Youssef Chérif, analyste politique et directeur du Columbia Global Centers Tunis, répond aux questions de « L’Orient-Le Jour ».

« Saïed renoue avec les pratiques qui sévissaient avant l’avènement de la démocratie »

Le président tunisien Kaïs Saïed assistant à une conférence sur le droit constitutionnel lors d’une visite d’État au Qatar, le 16 novembre 2020. Photo d’archives AFP

Plus de six mois après avoir gelé les pouvoirs du Parlement et limogé le gouvernement élu, le président tunisien Kaïs Saïed étend désormais son influence au pouvoir judiciaire. Dimanche, il a promulgué un décret visant à remplacer le Conseil supérieur de la magistrature (CSM) – un organe supposé indépendant créé en 2016 dans l’objectif de nommer les juges – qu’il a dissous le 5 février dernier. Le président tunisien, qui accusait le CSM de corruption et d’être sous l’influence du parti politique islamo-

conservateur Ennahda, a annoncé à sa place l’entrée en vigueur d’une instance temporaire et s’est octroyé le pouvoir d’approuver et de révoquer les juges ainsi que de leur interdire de faire grève.
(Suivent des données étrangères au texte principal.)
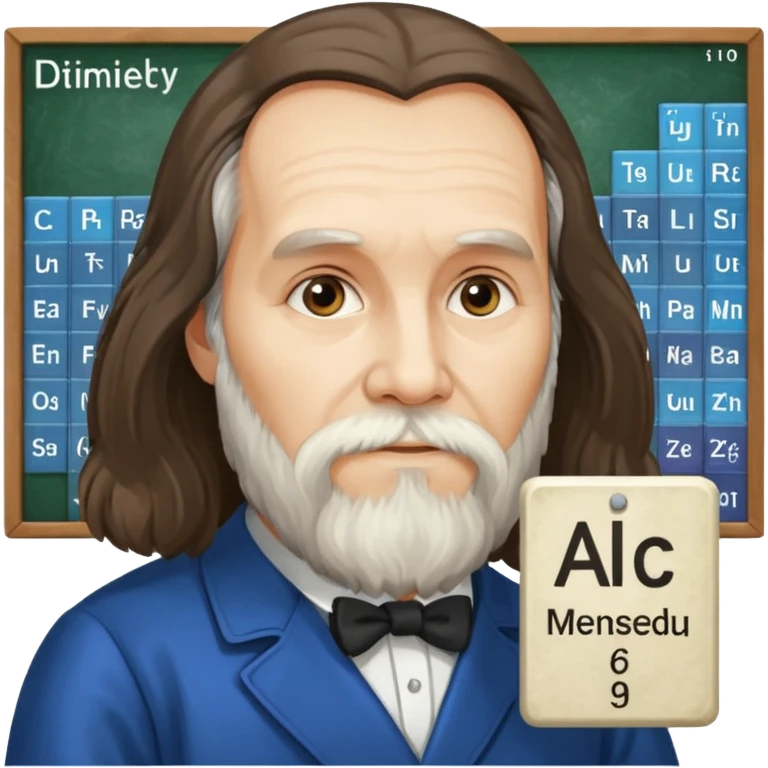 Dmitri Mendeleev with periodic table of elements emoji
Si les actions prises par Kaïs Saïed en juillet avaient été saluées par une partie de la population, qui tenait la formation islamiste pour responsable de la crise socio-économique que traverse le pays, les récents développements font craindre aux détracteurs du chef de l’État, à la société civile et à la communauté internationale, un glissement vers l’autoritarisme. L’analyste politique et directeur du Columbia Global Centers Tunis, Youssef Chérif, décrypte pour L’Orient-Le Jour les enjeux derrière la consolidation des pouvoirs de Kaïs Saïed.

Quelle est la portée du décret promulgué dimanche par Kaïs Saïed ?

Les juges tunisiens ont gagné une autonomie considérable en 2011, après la chute de la dictature. Le Conseil supérieur de la magistrature a par ailleurs critiqué à plusieurs reprises les décisions du président Kaïs Saïed. Ce dernier veut donc les remettre sous la coupe de l’exécutif, renouant ainsi avec les pratiques qui sévissaient avant l’avènement de la démocratie. Maintenant, son argument est que le pouvoir judiciaire est corrompu, trop indépendant, politisé. Il n’a pas tout à fait tort, mais le résultat de cette décision sera une justice aux ordres du président et qui ne pourra pas s’opposer aux abus de pouvoir à l’avenir. Et même si Saïed se donne des limites, rien ne garantit que celui qui lui succédera – nul n’est éternel – en fera autant. C’est sur le long terme que l’on évaluera les répercussions de cette décision.

Quelles peuvent être les conséquences sur l’opposition tunisienne et sur la liberté de la presse ?

Aujourd’hui, le principal parti d’opposition politique à Saïed est Ennahda. Le président semble convaincu qu’Ennahda n’est pas un parti politique à proprement parler mais une nébuleuse terroriste et corrompue à la solde de l’étranger. Du moins c’est ce qui ressort de ses allusions et des déclarations de ses partisans. Il faut donc s’attendre à des réactions plus virulentes contre Ennahda de la part du pouvoir judiciaire. Les exemples d’autres pays ou de telles actions qui ont été entreprises – et même de la Tunisie du début des années 1990 – indiquent que les étapes qui suivront l’attaque contre le principal parti d’opposition seront le musellement de toute autre voix discordante et des médias. D’ailleurs, ce n’est pas un hasard si la majorité des organismes des droits de l’homme tunisiens et étrangers critiquent les décisions du président.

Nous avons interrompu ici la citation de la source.